VOD film review: The American Dreamer
Review Overview
Entertainment
7Annoyance
4Playfulness
7Ian Loring | On 11, Feb 2016
Director: Laurence Schiller, L.M. Kit Carson
Cast: Dennis Hopper, L.M Kit Carson, Lois Ursone
Certificate: 15
Watch American Dreamer online in the UK: Not currently available on VOD
Dennis Hopper was one of the last of a dying breed. In our age of ever-connectedness, it feels like his like – the hard-drinking, drug-taking wild man, who had his wilderness years but managed to somewhat come back before his death – will not come again. After the zeitgeist-defining success of Easy Rider, he was given free rein to make The Last Movie, a film which turned out to be a disaster, but this period also birthed quasi-documentary The American Dreamer, which has just had a revitalisation, thanks, in part, to MUBI.
American Dreamer immediately starts to interest with the on-screen credits showing Hopper as a co-writer. For a film that is ostensibly a documentary following the star, as he tries to put together The Last Movie, this does seem odd, but Hopper throughout is frequently playing with the audience; he complains early on of being desperately lonely, but throughout he is surrounded by colleagues, hangers-on and women seemingly drafted in just to listen to him babble and engage in sexual acts. At one point, he criticises co-writer/director Laurence Schiller for asking him to repeat real world things for the camera, but also happily lets Schiller set-up scenes of him having group sex in a bathtub – something Hopper himself comments is something he doesn’t get to do that often. He is both indulging in and criticising the artifice, but thanks to the strength Hopper’s personality, you leave the film feeling OK with this.
Despite that, it must be said that the indulgence is, at times, tiresome. The last 20 minutes or so involve Hopper going down the avenues of an increasingly drink- and drug-addled mind, as he blathers on about nonsense, while women around him nod and agree. It’s not exactly entertaining to watch and it doesn’t give any real insight, unlike much of the material shown before. Perhaps Hopper is just taking us all for a ride; the ending presents him in such a self-aggrandising light that it is genuinely hard to see if it’s meant to be taken seriously or if he just has a fantastic poker face.

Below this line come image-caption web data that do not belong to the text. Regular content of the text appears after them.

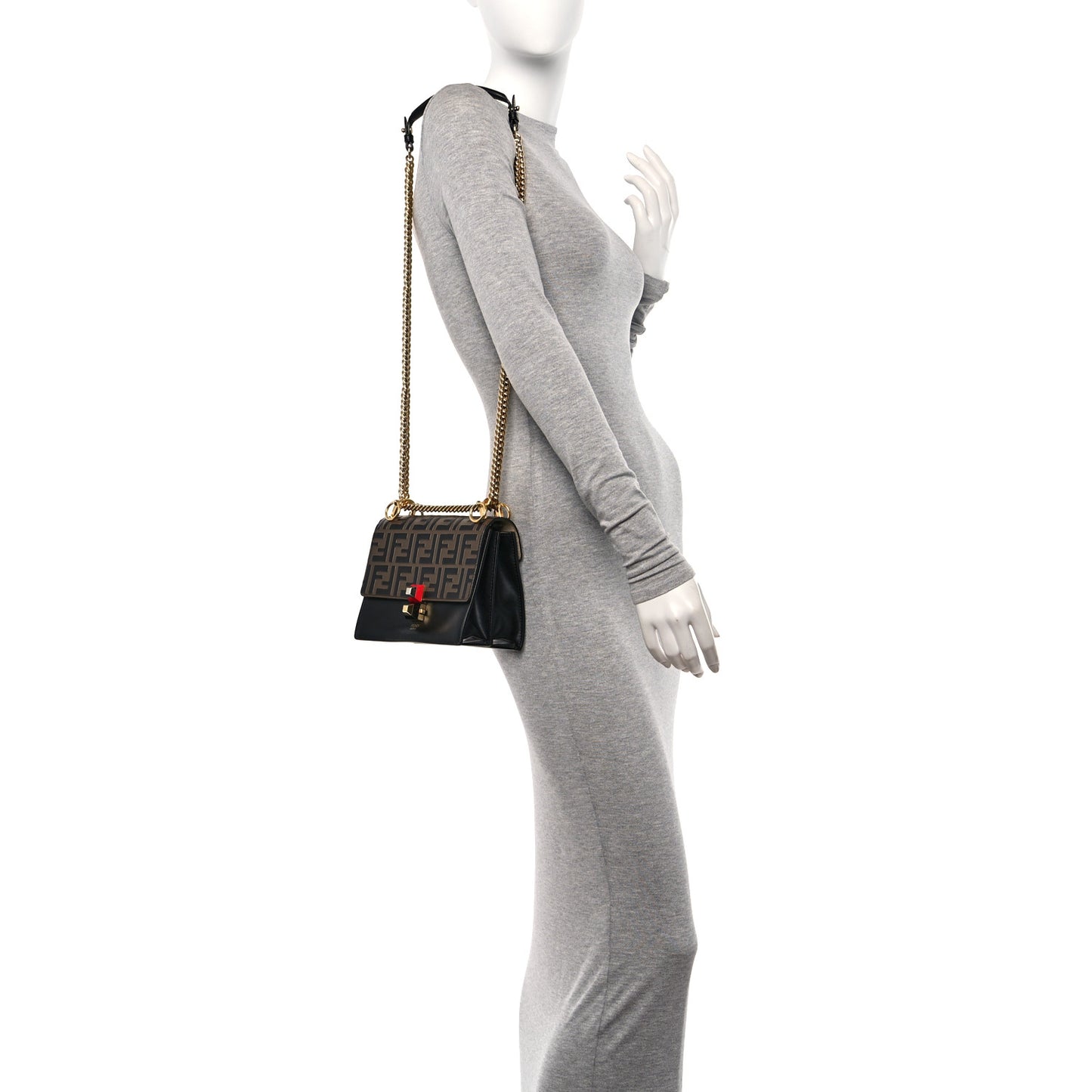 Vitello Liberty Bi-Color FF 1974 Embossed Small Kan I Shoulder Bag Black Maya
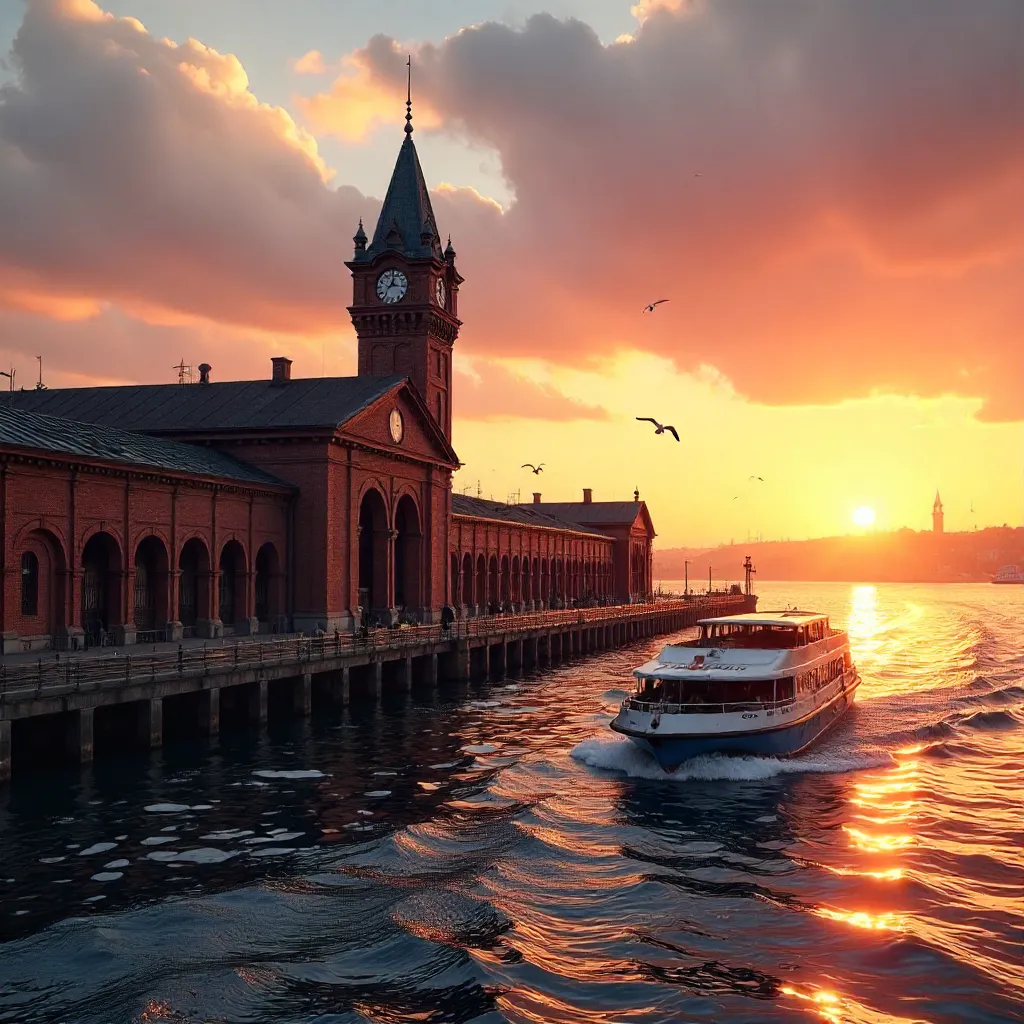 Sunset Over Haydarpaşa Terminal at the Bosphorus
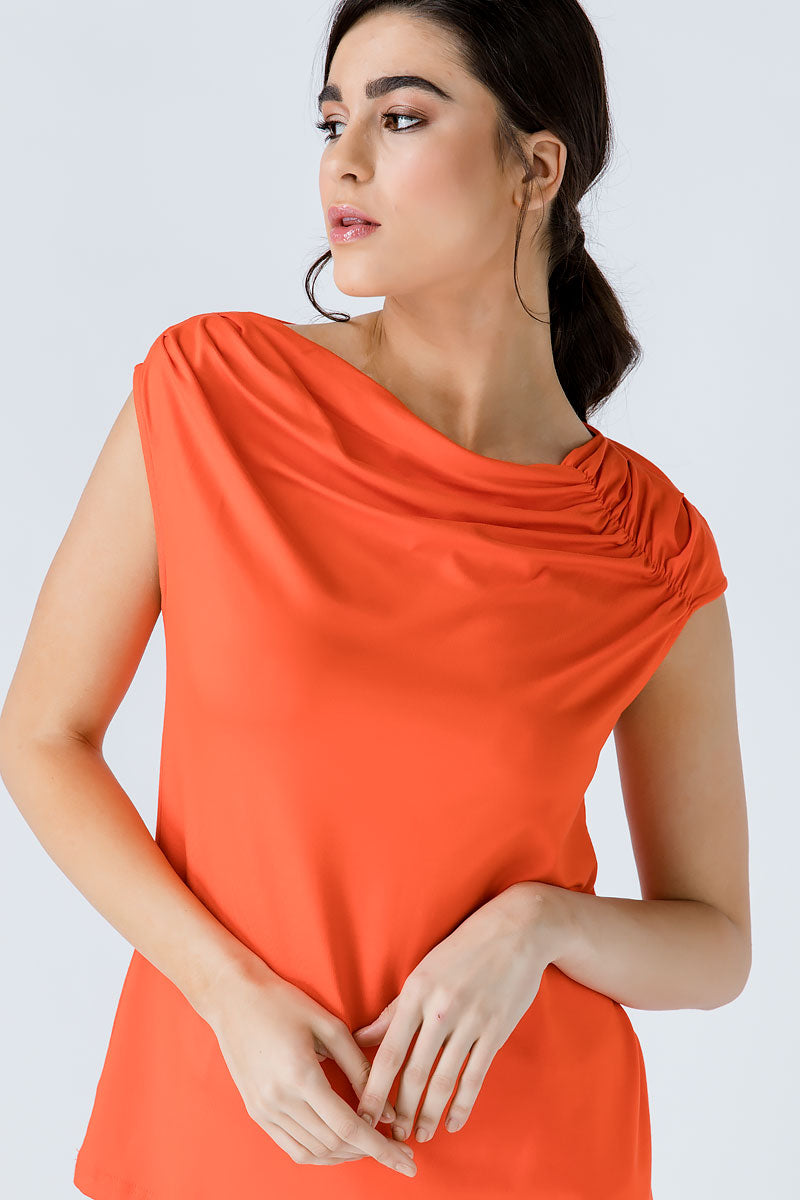 Orange Asymmetric Top-Tops-Conquista-XS-Urbanheer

The actual making of The Last Movie is given short shrift. Hopper engages in some interesting monologuing about the shame of the studios not supporting Orson Welles and the passion he holds for the director’s vision – his hope for a good reception from audiences shows a man who isn’t an artist just doing it for himself, but does mean for others to enjoy what he’s doing (although with so much of the film being “me, me, me”, it’s easy to see where his real priorities lie).
The American Dreamer is by turns fascinating, banal, illuminating and frustrating and seems to be a fair summation of Dennis Hopper himself. At around 80 minutes, it manages not to try your patience, but you may have to be in the right frame of mind to get the most from it.